Beim Thema Gewerbe brauchen wir endlich mehr Einstieg als Ausstieg. Hierzu muss die Entwicklung und Vermarktung sämtlicher Gewerbeflächen offensiv und mit Hochdruck vorangetrieben werden. Wir brauchen einen „Gewerbeentwicklungs-Boost“: Unser Gewerbeflächenangebot ist dringend an die Anforderungen der neuen Arbeitswelten anzupassen. Darüber hinaus müssen wir auch für produzierendes Gewerbe offen und attraktiv sein. Die Ansiedlung von innovativen Firmen, die nachhaltig vor Ort produzieren, bietet neue Chancen, um unsere Gewerbesteuereinnahmen zu steigern und langfristig sicherzustellen.
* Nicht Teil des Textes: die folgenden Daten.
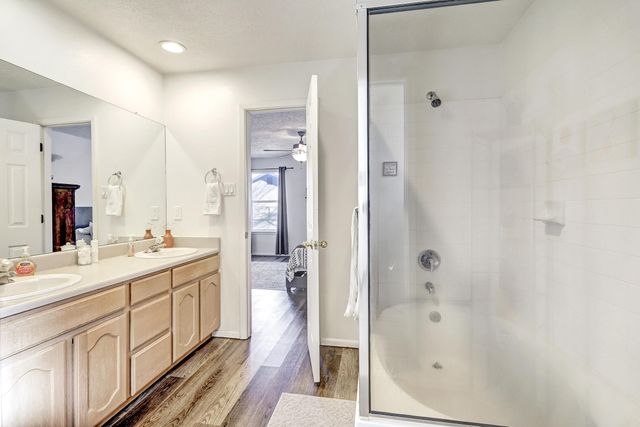 9964 Cardinal Street NW, Albuquerque, NM 87114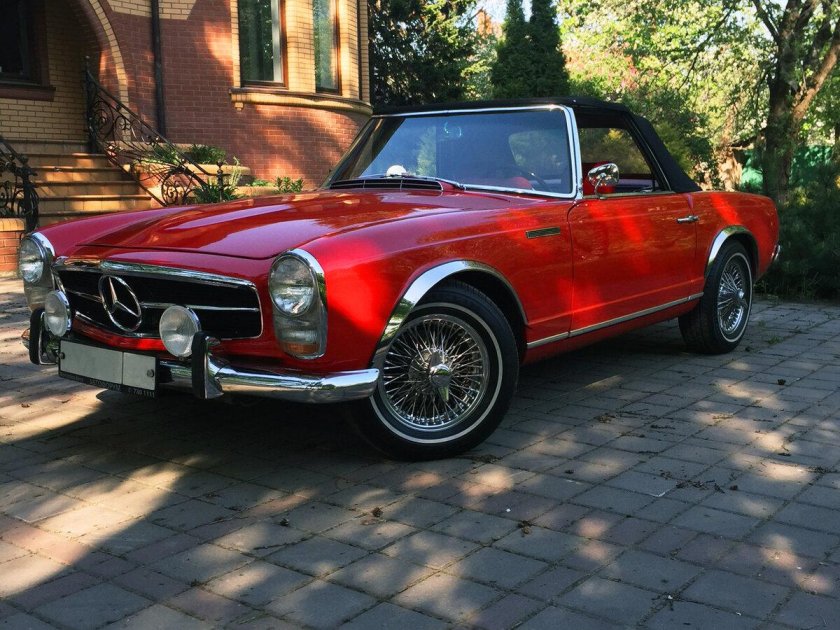 Mercedes-Benz 230 SL w113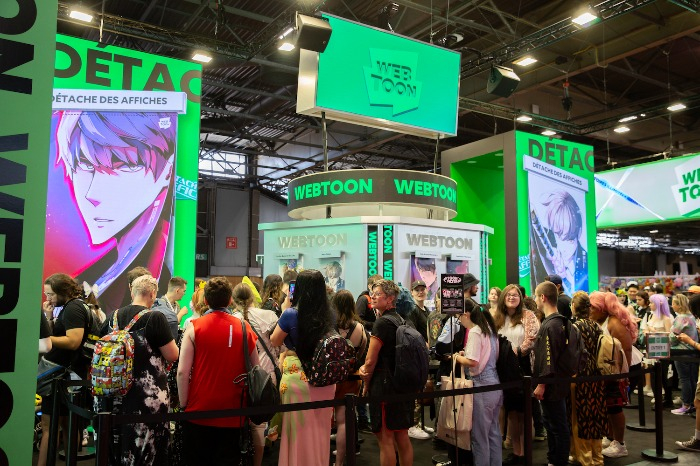 Naver　Webtoon　booth　during　the　Amazing　Festival　in　Paris　on　July　17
„Das öffentliche Wohl soll das oberste Gesetz sein“, lehrt uns Marcus Tullius Cicero. Die Finanzierung der damit für unsere Gemeinde verbundenen Aufgaben ist auf lange Sicht betrachtet leider noch nicht gesichert. „Wir müssen aufpassen, dass die Kuh nicht einbricht“: Dieser von mir bereits im letzten Jahr getätigte Ausspruch gilt leider weiterhin. Der vorliegende Haushaltsplan und die aufgezeigte mittlere Finanzplanung verschafft uns allerdings noch einmal Zeit, endlich das Notwendige zu tun. Vor diesem Hintergrund stimme ich dem Haushalt zu.
Vielen Dank für Ihre Aufmerksamkeit.